AI Models from Google DeepMind and OpenAI Secure Gold at International Mathematical Olympiad

In a landmark achievement, artificial intelligence systems from Google DeepMind and OpenAI have attained gold‑medal scores at this year’s International Mathematical Olympiad, demonstrating the extraordinary leaps AI is making in high‑level reasoning. For the first time in history, these models solved five out of six IMO problems—placing them firmly in the gold medal band alongside top high‑school mathematicians.

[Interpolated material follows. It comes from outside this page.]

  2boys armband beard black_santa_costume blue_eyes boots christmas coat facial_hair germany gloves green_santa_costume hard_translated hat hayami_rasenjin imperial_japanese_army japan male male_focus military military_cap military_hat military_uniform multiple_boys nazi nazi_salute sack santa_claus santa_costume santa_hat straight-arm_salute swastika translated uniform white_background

Google’s entry, a general‑purpose reasoning model known as Gemini Deep Think, was officially evaluated and verified by the IMO committee. OpenAI, on the other hand, opted not to enter officially but reported that its experimental reasoning system achieved an equivalent gold‑level performance, as confirmed by three former IMO gold medallists. Both programs rely on natural language processing and advanced reasoning to interpret and solve complex proofs—a departure from past AI models that depended heavily on symbol manipulation.
The significance of this breakthrough goes beyond historic firsts. According to Brown University mathematics professor Junehyuk Jung, an IMO veteran and visiting researcher with DeepMind, these developments suggest that AI could soon assist in addressing unsolved problems in research‑level mathematics. “The moment we can solve hard reasoning problems in natural language,” he explained, “we open doors to collaboration between AI and mathematicians”.
OpenAI’s strategy was notably resource‑intensive, deploying an “experimental” model designed to maximize test‑time computations. By enabling parallel reasoning chains and extending the model’s “thinking” period, they reached gold‑level accuracy—albeit at considerable computational cost. Though detailed hardware figures were withheld, the approach underscores a broader shift toward depth and rigor in AI reasoning.
The broader AI community is taking note. Models that once topped benchmarks in games like Go and Poker are now proving capable in abstract intellectual challenges traditionally dominated by humans. The success of these reasoning systems marks a pivotal evolution from narrowly focused agents to general‑purpose AI capable of tackling complex, multi‑step problems in natural language.
For academia and industry alike, the implications are vast. AI tools that can interpret, reason and articulate mathematical proofs could transform scientific research, accelerating discoveries across fields that require deep analytical insight—from physics and biology to economics.
AI firms have previewed plans to extend current capabilities further. OpenAI noted that the models behind this result may not be publicly available for months, while Google is preparing a broader release of Gemini Deep Think to selective partners.
Despite the optimism, experts emphasize caution: AI’s reasoning proficiency is advancing rapidly but remains imperfect. Careful validation, transparency and collaboration with the academic community will be essential to ensuring these systems augment rather than mislead human researchers.
Still, this milestone indicates a turning point. When machines not only calculate but reason with mathematical sophistication comparable to human experts, a future of AI–human co‑creation in science moves from hypothetical to achievable. The gold medals at the IMO are proof—in more ways than one—that we’re entering a new chapter in intelligent computation.